The relationship of the main estate at Allerthorpe with that held of the Mowbray family is not clear. By the early 13th century Robert de Maluvel held 3 carucates in Allerthorpe as tenant of Niel de Mowbray. (fn. 72) John de Mowbray, returned as lord of Allerthorpe and Waplington in 1316, (fn. 73) died c. 1327, when his lands included ALLERTHORPE manor as ¼ knight's fee; his heir was his son John. The site of a manor-house was mentioned c. 1327. (fn. 74)
The king had 2 carucates at Waplington in 1086 as soke of Pocklington manor, (fn. 75) but by 1198 John le Poer had been granted 2½ carucates there, which he held with land elsewhere by the service of providing an archer for the defence of York castle. (fn. 76) Thenceforth the estate descended, like another at Barmby Moor, (fn. 77) in the Poer, Chamberlain, Crepping, and Stodowe families. (fn. 78)
Poer's Waplington holding was divided in the late 12th and early 13th centuries. (fn. 79) The largest part, comprising 12 bovates, was granted by John le Poer to John son of Henry of Fishergate, and he or another of his family conveyed it to Drax priory (Yorks. W.R.), to be held of Poer and his heirs. (fn. 80) In 1275-6 the prior was paying 2s. rent to Robert de Crepping. (fn. 81) About 1339 John of Hook granted the house a further 2 bovates in Waplington, held of John de Mowbray. (fn. 82) Drax retained its estate until at least the 1370s, when the prior took action against the lessee for waste; (fn. 83) the house's connection with Waplington was apparently severed before the Dissolution.
The Drax estate probably passed to the Percy family: in 1389 Henry Percy, created earl of Northumberland, was holding 2 carucates in Waplington of Denise Stodowe, and the custody of Robert Stodowe's inheritance in the township and elsewhere was subsequently granted to Henry Percy, the earl's son. (fn. 84) Waplington was forfeited to the Crown by the Percys in 1405 but restored to them in 1416. (fn. 85) In 1455 Henry Percy's lands included WAPLINGTON manor. (fn. 86) The estate, held in chief by 1489, (fn. 87) was conveyed to the Crown by Henry Percy, earl of Northumberland (d. 1537), along with his other northern estates, in 1537. (fn. 88)

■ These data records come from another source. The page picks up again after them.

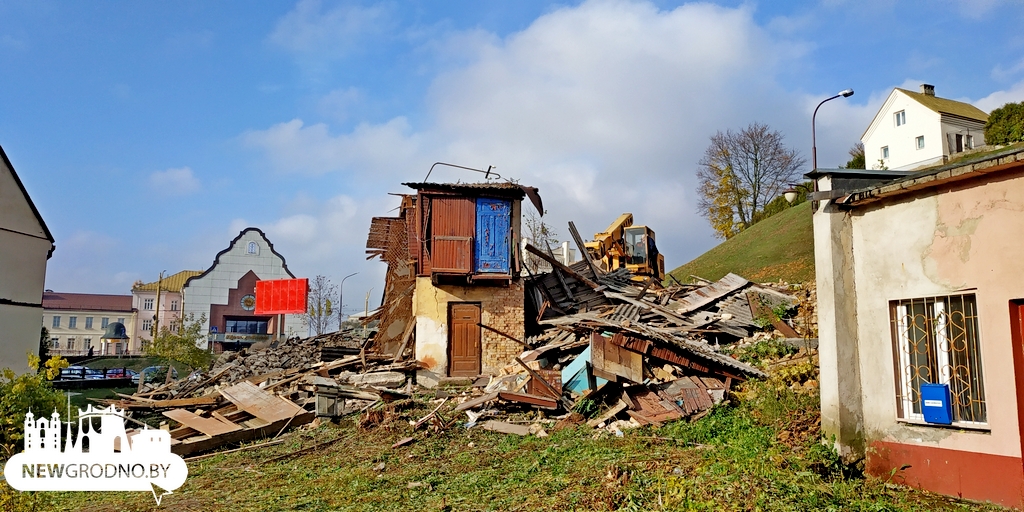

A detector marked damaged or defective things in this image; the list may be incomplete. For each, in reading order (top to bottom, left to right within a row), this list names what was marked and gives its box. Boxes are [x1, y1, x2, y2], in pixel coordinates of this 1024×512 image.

peeling plaster wall [411, 278, 524, 385]
peeling plaster wall [851, 171, 1024, 456]
broken wooden plank [219, 382, 303, 421]
broken wooden plank [163, 407, 243, 436]
broken wooden plank [477, 419, 528, 436]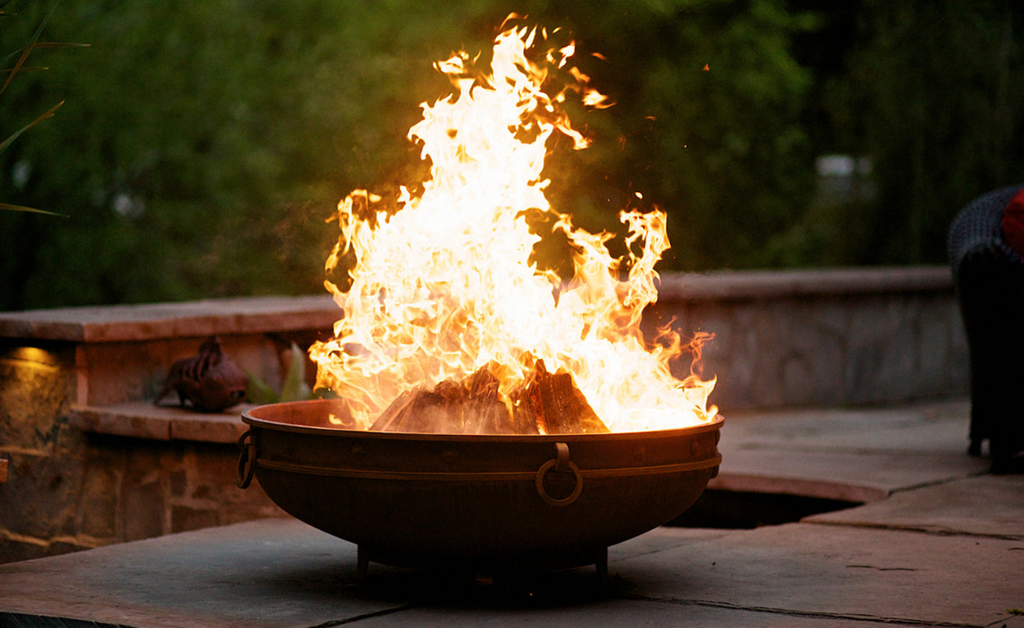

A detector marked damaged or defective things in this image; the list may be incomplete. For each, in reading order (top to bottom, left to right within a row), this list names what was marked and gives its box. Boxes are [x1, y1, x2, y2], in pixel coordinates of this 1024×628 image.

rusty metal ornament [157, 336, 249, 413]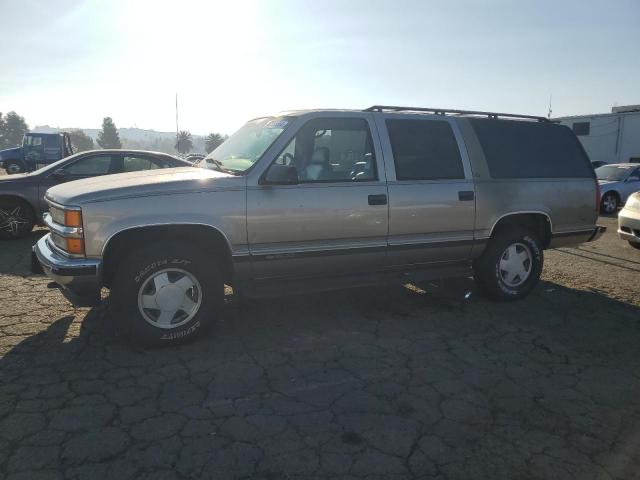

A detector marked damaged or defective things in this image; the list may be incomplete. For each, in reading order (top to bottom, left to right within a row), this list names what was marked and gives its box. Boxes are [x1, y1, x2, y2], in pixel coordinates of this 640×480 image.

cracked asphalt [1, 216, 640, 478]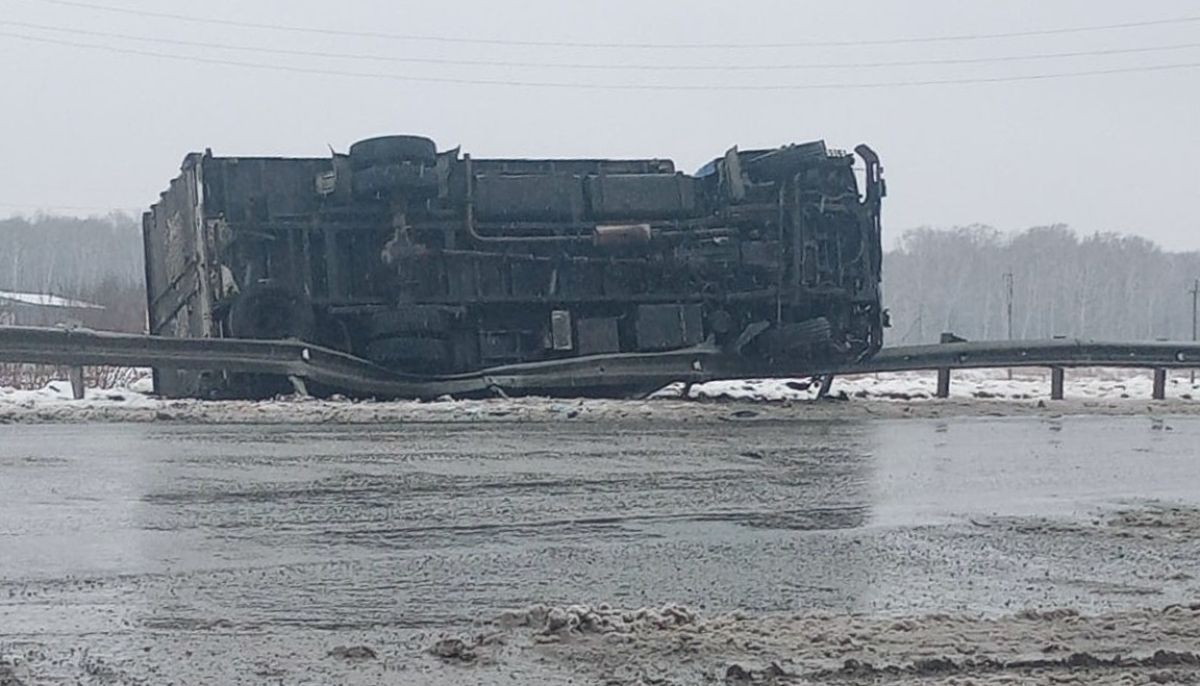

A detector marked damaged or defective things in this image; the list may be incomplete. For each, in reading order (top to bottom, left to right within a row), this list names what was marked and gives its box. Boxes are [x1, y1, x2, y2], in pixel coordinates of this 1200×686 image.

overturned bus [145, 133, 888, 395]
bent guardrail rail [0, 326, 1195, 402]
damaged guardrail [2, 326, 1200, 402]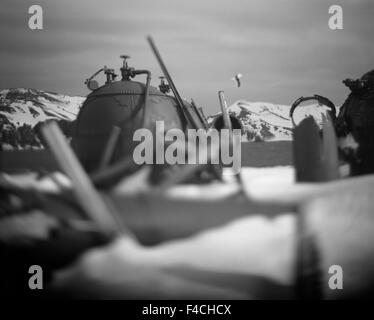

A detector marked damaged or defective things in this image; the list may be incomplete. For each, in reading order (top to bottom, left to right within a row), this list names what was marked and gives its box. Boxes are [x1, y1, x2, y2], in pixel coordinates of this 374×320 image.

The descent thereafter is confused. As a member of Pocklington manor Waplington was allegedly granted to Thomas Bishop during Henry VIII's reign. (fn. 89) After July 1553 Bishop complained of dispossession by his erstwhile steward Thomas Doweman, who with Christopher Estofte certainly secured a royal grant of the property in that month. (fn. 90) The Doweman, or Dolman, and Bishop families were apparently intermittently in dispute over Waplington for the rest of the century, (fn. 91) and c. 1590 Thomas Dolman was taking the issues of property in Waplington which was held to belong to the Crown by Thomas Bishop's attainder. (fn. 92) A licence for another Thomas Bishop to grant rents there to Marmaduke Dolman in 1628 may represent the end of the affair. (fn. 93) Sir Robert Dolman was dealing in the manor in 1625. (fn. 94) The Crown later seized part of it for Thomas Dolman's recusancy but let the property to him from 1629. (fn. 95) The manor was sequestrated by the Commonwealth and sold in 1653 to Edward Tooke, (fn. 96) but it was apparently regained by the Dolmans shortly afterwards. (fn. 97)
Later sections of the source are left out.